I will be in KL for a couple of days staying at the Swiss Garden Hotel. Does anyone know of a good Sri Lankan restaurant  in the city.

----------


## nidhogg

> I will be in KL for a couple of days staying at the Swiss Garden Hotel. Does anyone know of a good Sri Lankan restaurant  in the city.


type: KL restaurant "sri lankan" into google.  You will get several hits.

----------


## Happy Dave

> Originally Posted by Happy Dave
> 
> 
> I will be in KL for a couple of days staying at the Swiss Garden Hotel. Does anyone know of a good Sri Lankan restaurant  in the city.
> 
> 
> type: KL restaurant "sri lankan" into google.  You will get several hits.

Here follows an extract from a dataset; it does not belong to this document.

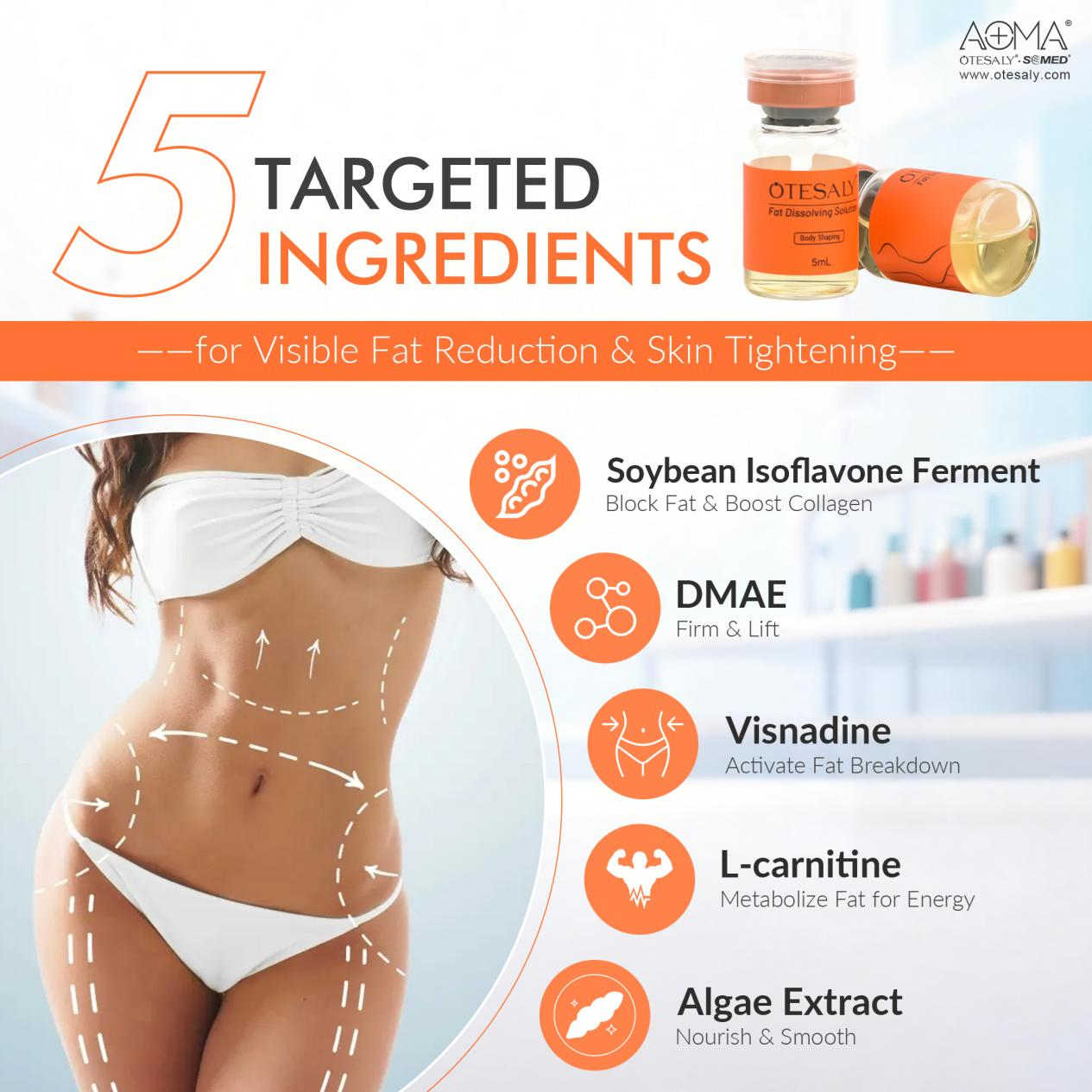 Mesoterapia para la reducci&oacute;n de grasa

Thanks mate , i have done this , but due to some 'not so good' reviews, i was wondering if anybody could recommend one, thought maybe a resident ex-pat stc.

----------


## Cold Pizza

> I will be in KL for a couple of days staying at the Swiss Garden Hotel. Does anyone know of a good Sri Lankan restaurant  in the city.


I don't but someone here on the board probably will.

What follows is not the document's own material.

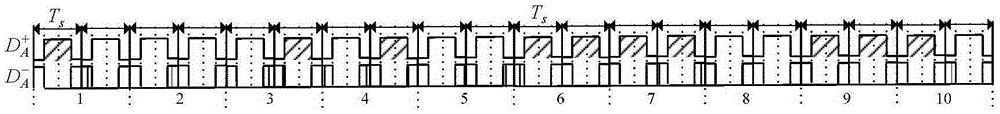 Five-phase inverter space vector modulation system and method with optimal switching loss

We could wait for....Panama Hat to tell us.

 :rofl:  :rofl:  :rofl:

----------


## Happy Dave

> Originally Posted by Happy Dave
> 
> 
> I will be in KL for a couple of days staying at the Swiss Garden Hotel. Does anyone know of a good Sri Lankan restaurant  in the city.
> 
> 
> I don't but someone here on the board probably will.
> 
> 
> We could wait for....Panama Hat to tell us.


Just have to keep my eyes open here. I have until 15th July., so no rush !  Thanks.
Thing is, i lived in Sri Lanka for 3 years and miss their curry, its different to Indian.

----------


## hallelujah

> Originally Posted by Cold Pizza
> 
> 
> 
> 
> 
> 
> 
>  Originally Posted by Happy Dave
> ...


Restoran Yarl in Bickfields, which I've been to, or A Li Yaa in Damansara, which I haven't.

I know you're looking for Sri Lankan, but if you have time on your hands, take a taxi to Air Panas 
and get a banana leaf from the Indian stall opposite the girl's school. They only do them on Fridays, 
but they're the best in KL for me.

----------